● **Brief**
Taking the entries below, transcribe only the lines starting with the one with "2: A MATEMÁTICAS" and going on through the one with "Infrastructure investments by", exactly as written, without the pictures.

● **Entries taken from a collection**

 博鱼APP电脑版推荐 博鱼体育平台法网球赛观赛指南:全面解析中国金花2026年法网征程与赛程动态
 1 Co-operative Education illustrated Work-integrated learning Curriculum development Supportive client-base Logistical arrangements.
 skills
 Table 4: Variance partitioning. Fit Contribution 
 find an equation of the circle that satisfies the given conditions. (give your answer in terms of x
---
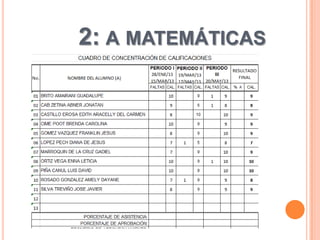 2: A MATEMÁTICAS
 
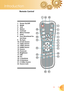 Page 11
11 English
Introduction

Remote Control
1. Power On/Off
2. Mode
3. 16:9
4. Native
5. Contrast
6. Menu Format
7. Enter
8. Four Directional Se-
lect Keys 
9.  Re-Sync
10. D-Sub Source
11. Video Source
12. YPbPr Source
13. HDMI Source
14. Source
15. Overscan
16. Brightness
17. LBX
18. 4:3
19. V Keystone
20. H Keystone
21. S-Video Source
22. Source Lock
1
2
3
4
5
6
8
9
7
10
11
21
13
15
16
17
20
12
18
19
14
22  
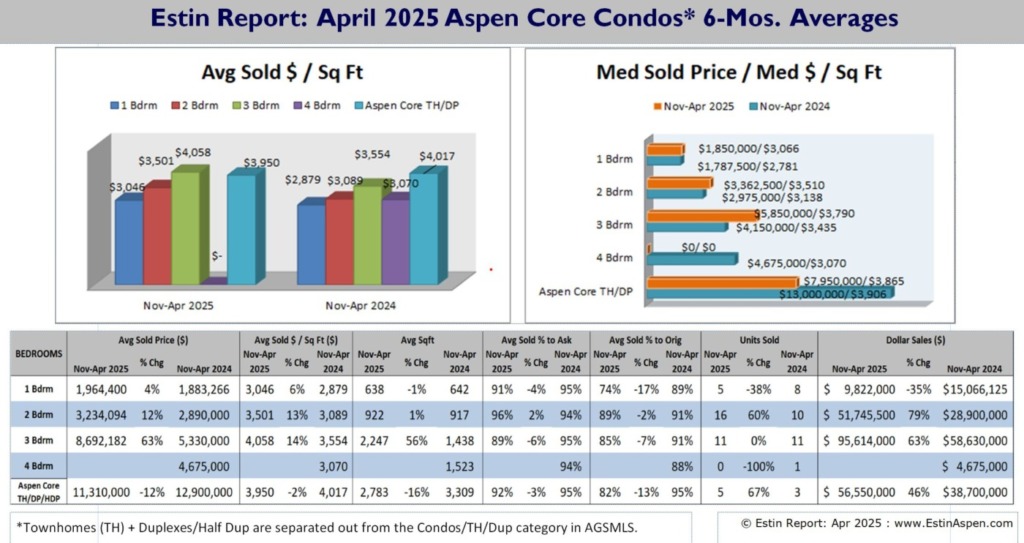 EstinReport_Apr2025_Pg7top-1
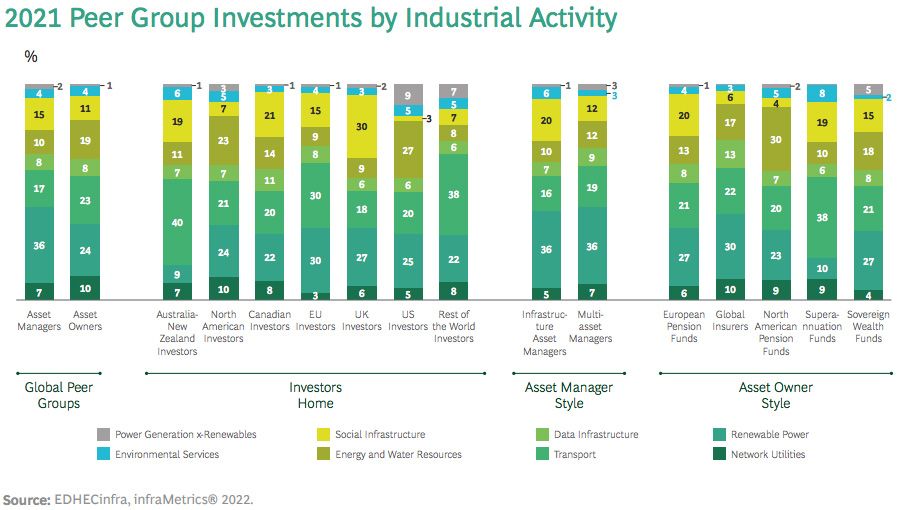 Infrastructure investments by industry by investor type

● **Exercise output**
 2: A MATEMÁTICAS
 
 Page 11
11 English
Introduction

Remote Control
1. Power On/Off
2. Mode
3. 16:9
4. Native
5. Contrast
6. Menu Format
7. Enter
8. Four Directional Se-
lect Keys 
9.  Re-Sync
10. D-Sub Source
11. Video Source
12. YPbPr Source
13. HDMI Source
14. Source
15. Overscan
16. Brightness
17. LBX
18. 4:3
19. V Keystone
20. H Keystone
21. S-Video Source
22. Source Lock
1
2
3
4
5
6
8
9
7
10
11
21
13
15
16
17
20
12
18
19
14
22  
 EstinReport_Apr2025_Pg7top-1
 Infrastructure investments by industry by investor type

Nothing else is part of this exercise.